Chi-Square test (p-value of <0.001) shows the significance of the association of ethnicity and heterozygosity.
Discussion
The variations p.G87V and p.Gln298=have known allele frequencies of 0.000007956 and 0.0008988. These numbers are representative of the global population; however, our research indicates that the Mizrahi Jewish populace has significantly elevated allele frequencies. In a previous validation study, 162 DNA specimens of Iranian Jewish were sequenced for LIPA variations. For LIPA p.G87V (ggc>gtc, alternative numbering p.G66V), a heterozygous frequency of 5/162 (3.086%) was discovered. This could be compared to the 24/1184 (2.03%) found in this study. The previous study was done solely in the Mizrahi Jewish community and had not analyzed samples from other Middle Eastern backgrounds.
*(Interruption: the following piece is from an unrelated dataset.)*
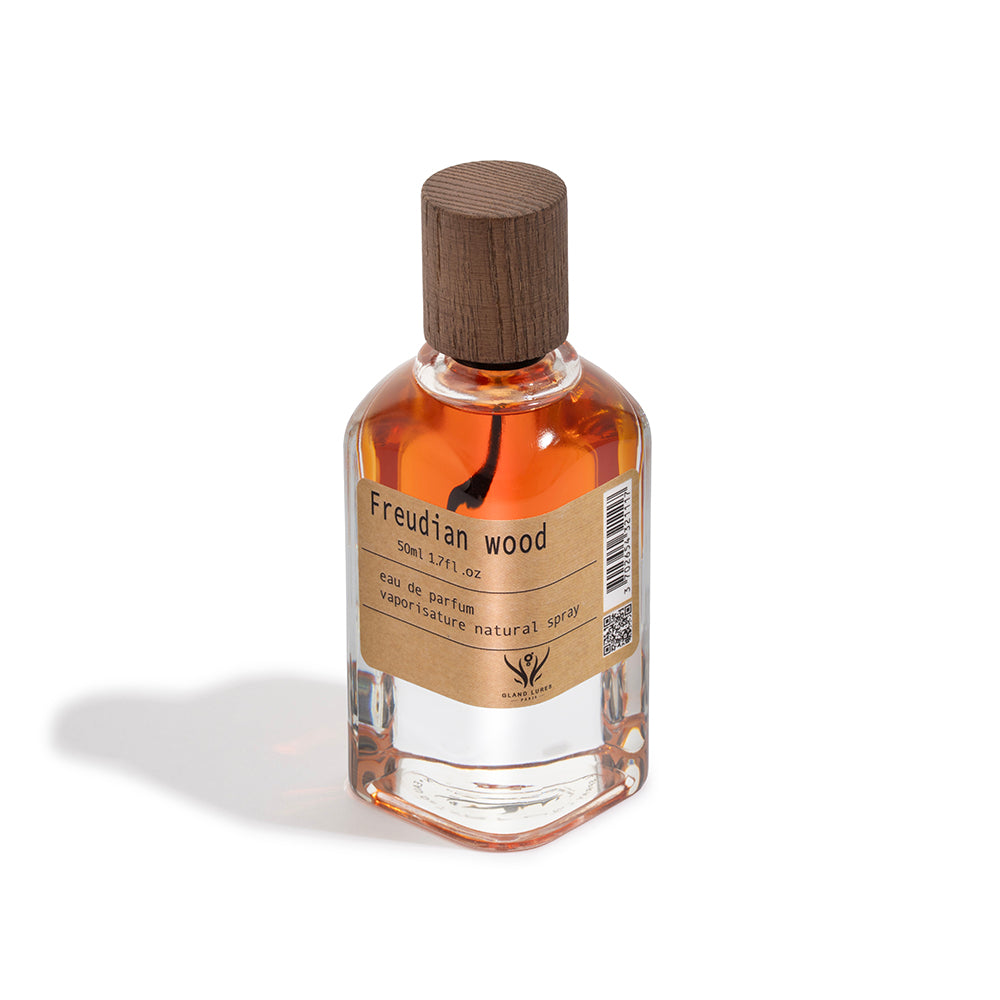 Perfume bottle labeled 'Freudian Wood' on a white background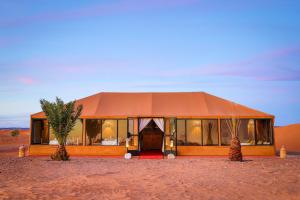 a building in the middle of the desert at Celia Desert Camp in Merzouga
In this study, we included samples from various Middle Eastern groups to investigate if the LIPA variations are more prevalent among Mizrahi Jews compared to other populations within the same demographic. Our results illustrated how these two variants exhibit hardy Weinberg equilibrium, suggesting this ratio should be constant from generation to generation outside of any external factors. The statistical test of chi-square was chosen as it determines the significance of the association between two variables. This test yielded a p-value of <0.001 which confirms that ethnicity and heterozygosity are statically significant.
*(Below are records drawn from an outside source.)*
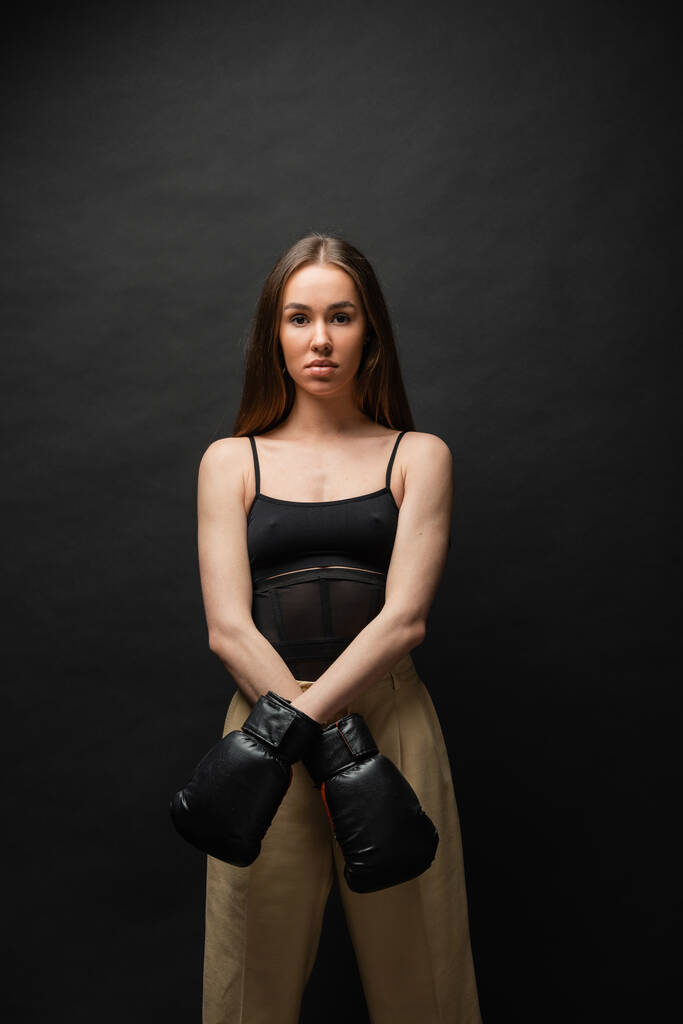 brunette woman in top and beige pants posing in boxing gloves on black background  - Foto, Imagem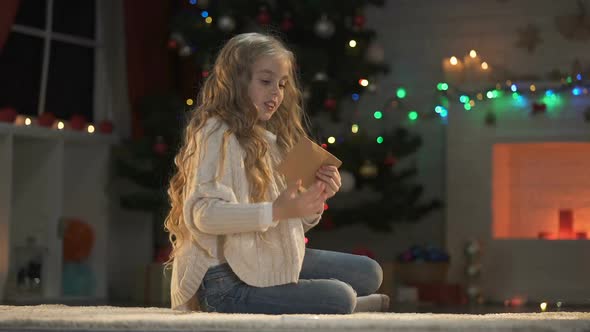 Nice Girl Hugging Envelope, Dreaming About Christmas Presents, Belief in Miracle alt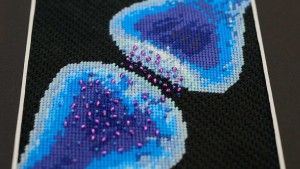 A cross-stitched depiction of a synapses, made with blue thread and beads.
A larger sample size conveys that more individuals carry the variant, but among the subsets, the Mizrahi Jewish subpopulation overwhelmingly demonstrated an elevated prevalence of LIPA variations compared to other Middle Eastern groups. In the Mizrahi Jewish sample pool of 660, 22 exons 4 and exon 8 LIPA variants were identified, conferring a carrier frequency of 1 in 30, which translates to a LAL-D positive prevalence of 1 in 900 among Mizrahi Jews. This is about 4.6 times higher than the 1 in 4200 previously reported. However, one limitation of this study is the sample size which hinders the applicability and accuracy of suggested prevalence rates. Although the sample size remains less than ideal, this study suggests the Mizrahi Jewish population may carry a greater risk of LAL-D when compared to other Middle Eastern populations. Due to the observed frequency of WD in this subset of the population and the clinical severity of the disease, early detection of variants through genetic testing are essential for the early detection and prevention of clinical disease. Carrier testing for LIPA variants among at-risk communities as well as prenatal testing for at-risk pregnancies is readily available. As such, if an individual has been identified to carry the variation, genetic testing could be performed to prevent significant complications associated with LAL-D. In conclusion, this study elucidates the profound need for genetic screening and early identification of LIPA gene exon 4 variation p.G87V and exon 8 variation p.Gln298=in Middle Eastern populations that maintain an elevated risk of carrying the variation and developing WD or CESD.
Footnotes
Acknowledgment
We appreciate Alexion Pharmaceuticals subsidiary of AstraZeneca for supporting this study.
Authors' Contributions
J.J.: Writing—original draft, data curation. J.F.: Conceptualization, writing—review, and editing. R.T.: Writing—review and editing, methodology. K.Y.: Writing—review and editing. E.B.: Writing—review and editing. E.D.: Writing—review and editing. T.B.: Writing—review and editing. P.H.: Writing—review and editing. S.B.: Supervision, visualization. M.P.: Supervison, formal analysis, methodology. Y.V.: Ayoub—supervision, writing—review and editing, funding acquisition.
Author Disclosure Statement
No competing financial interests exist.
Funding Information
No funding was received for this article.